Although I am not new to politics, I am comparatively new to this place, and my views on politics and self-government for Scotland were forged in the 1980s and the devolution debates of the early 1990s, well before Scotland had a Parliament of its own. When I speak to young Scots of voting age now, very few of them have any memory of there not being a Scottish Government and Parliament. The idea that there ever would not have been seems alien and absurd—almost as absurd to them as it seemed to me that those institutions did not exist back in the 1990s.

Although I was supportive of devolution at that time, the arguments that I and others made at that time in favour of independence referred to devolution and its potential weaknesses. Those arguments did not find favour at that time. They were that devolution was going to create a subordinate Parliament to Westminster, that without a written constitution, its powers and status could not be guaranteed, and that power devolved is power retained—all those arguments, whatever their essential truth and accuracy, were lost in the assurances given at the time about permanence and respect.

The fact that those arguments about permanence and respect were made by politicians of the standing and character of Donald Dewar no doubt helped enormously. For the past 21 years, by and large, that is exactly how it has been. Disputes over money and policy aside, both Parliaments have co-existed. As Holyrood’s stature has grown, and Ministers have begun to act with the stature befitting a Government, rather than a regional subordinate Executive, so too has Scottish confidence grown. I think it is that, rather than any concern about the integrity of the UK internal market, that seems to be driving a large part of the motivation behind this part of the Bill.

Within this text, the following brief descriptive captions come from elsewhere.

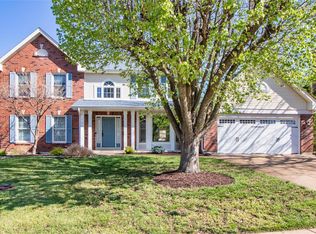6915 Graystone Ridge Ct, Saint Louis, MO 63129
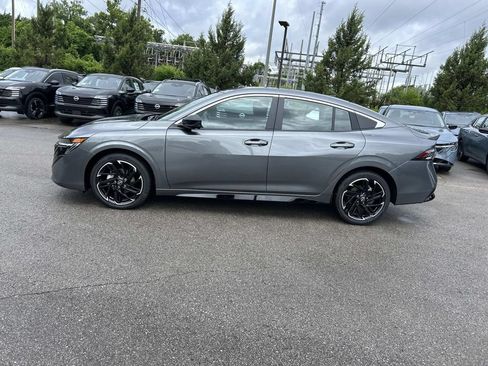 New 2026 Nissan Sentra SR w/ Floor Mat Package FWD image 4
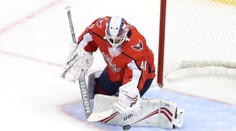 Vaněček dostal tři góly od Rangers, Hertl s Nečasem asistovali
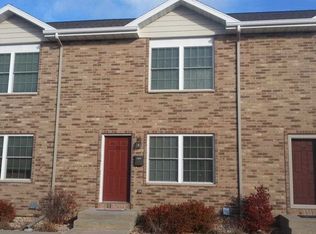 3470 Hillcrest Rd UNIT 11, Dubuque, IA 52002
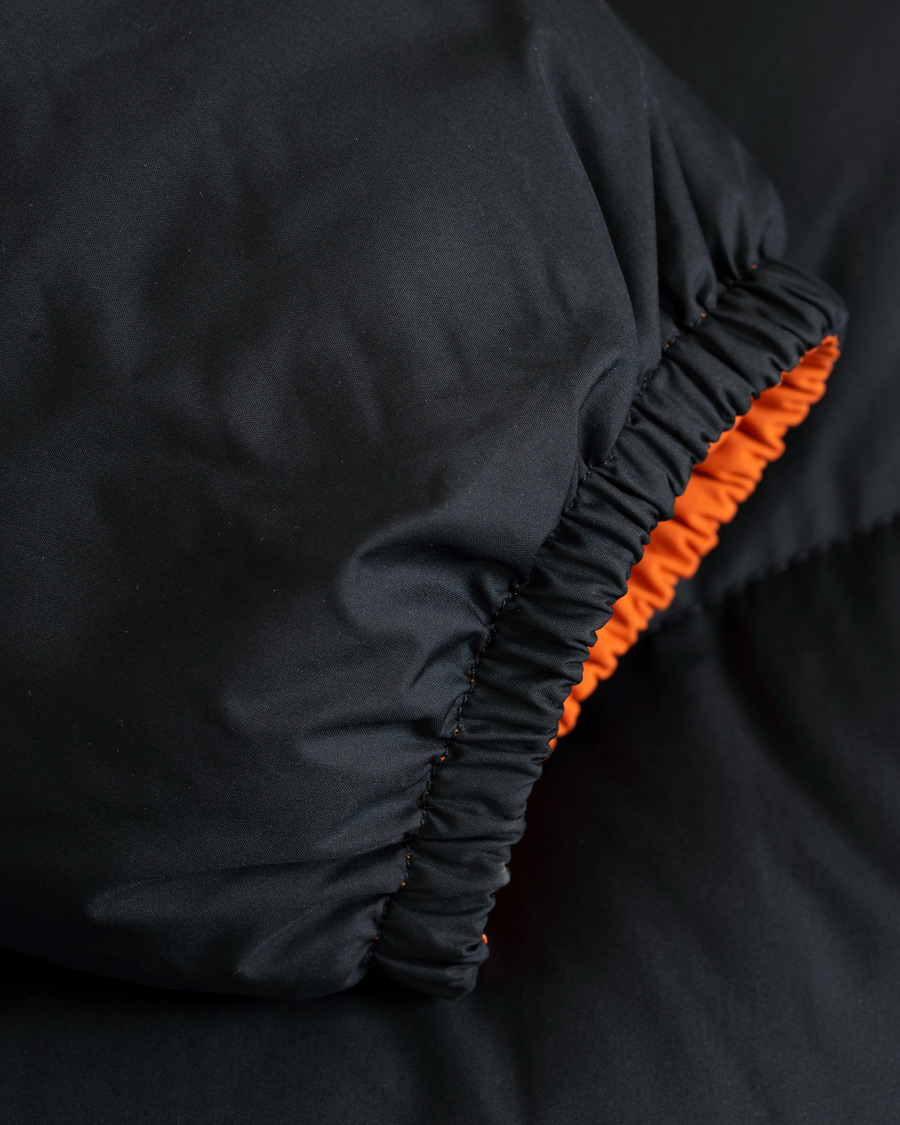 Hombres | Abrigos y chaquetas | The Workers Club | Reversible Down Filled Bomber Navy/Orange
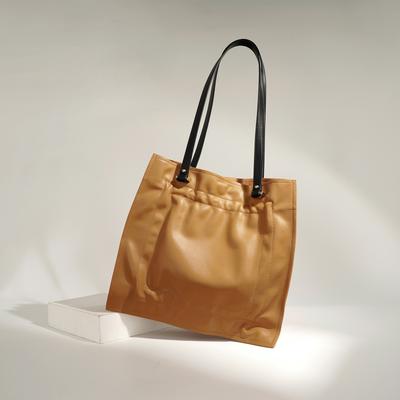 Niche Design Large-capacity Tote Bag Single Shoulder Simple Casual Cowhide Commuter Big Bag Women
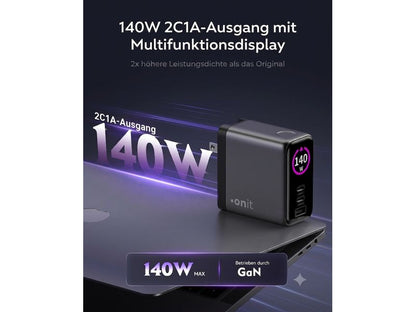 Ein schwarzes „onit“ Reiseladegerät „Travel 140 W GaN“ – 3 Anschlüsse, Weltadapter – mit dem „onit“-Logo und der Angabe „140 W“ ist auf einem Laptop abgebildet. Der deutsche Text beschreibt die 140-W-2C1A-Ausgangsleistung, das Multifunktionsdisplay und hebt die fortschrittliche GaN-Technologie hervor.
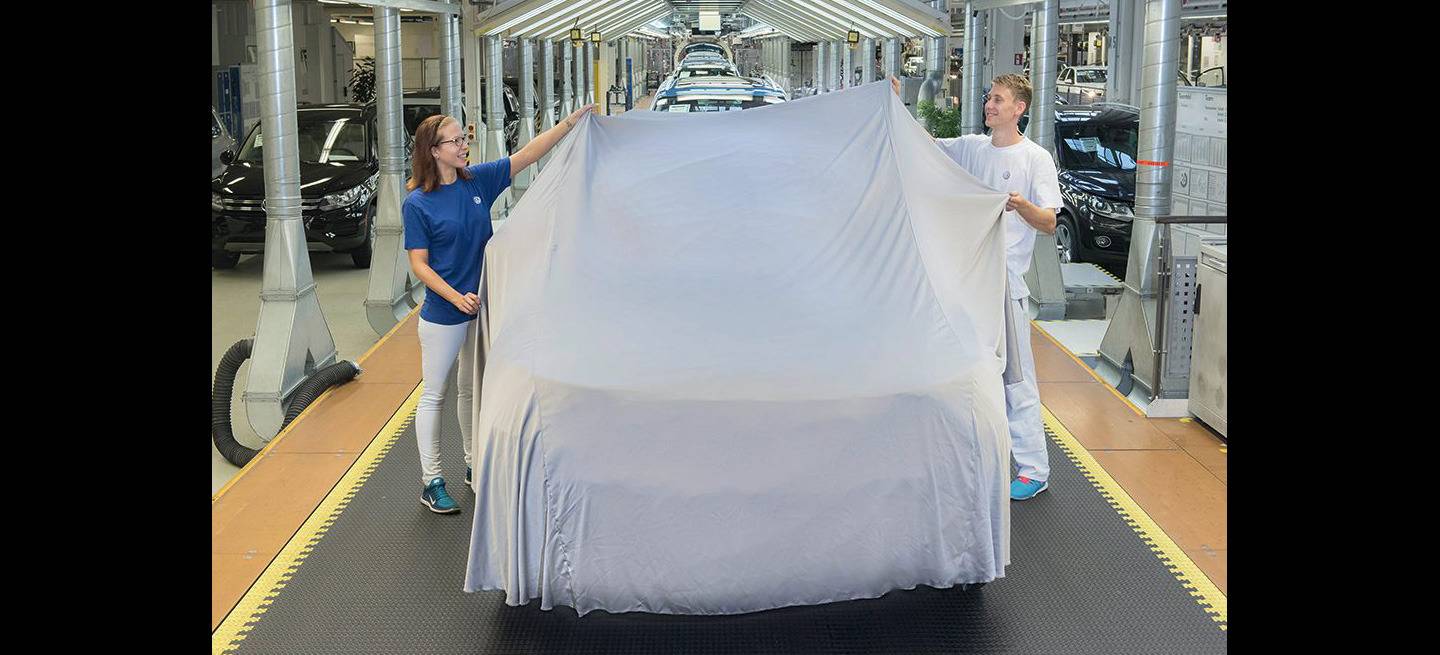 volkswagen-tiguan-2016-fabrica-lona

A number of speakers have talked about the current settlement. One thing that the current settlement does give is clarity: if a matter is not explicitly reserved under schedule 5 to the Scotland Act 1998, it is devolved. Unionists who proclaim the parliamentary sovereignty of this place should know that that is because this place legislated for that. Throughout devolution, the Sewel convention has operated, meaning that this Parliament will not ordinarily legislate in areas of devolved competence without the express consent of the Parliaments. It is precisely to protect that principle of consent that my party is putting forward this amendment today, to ensure that under that principle of consent, no action in respect of these powers will be taken without the agreement of the relevant devolved Ministers.

Turning to clauses 46 and 47, I think of the ancient proverb that one should beware Greeks bearing gifts. Scots, through long years of experience, have come to be suspicious of Westminster politicians pledging similar gifts. Scottish voters have long been wary of that. The proposed powers are so wide-ranging, covering promoting economic development, infrastructure, cultural activity, sport, education and training activities, that their motivation is quite clear. Indeed, the right hon. Member for Wokingham (John Redwood), who was in earlier, gave the game away: this is nothing more sophisticated than sticking a great big flag on the side of something and saying, “We paid for that.”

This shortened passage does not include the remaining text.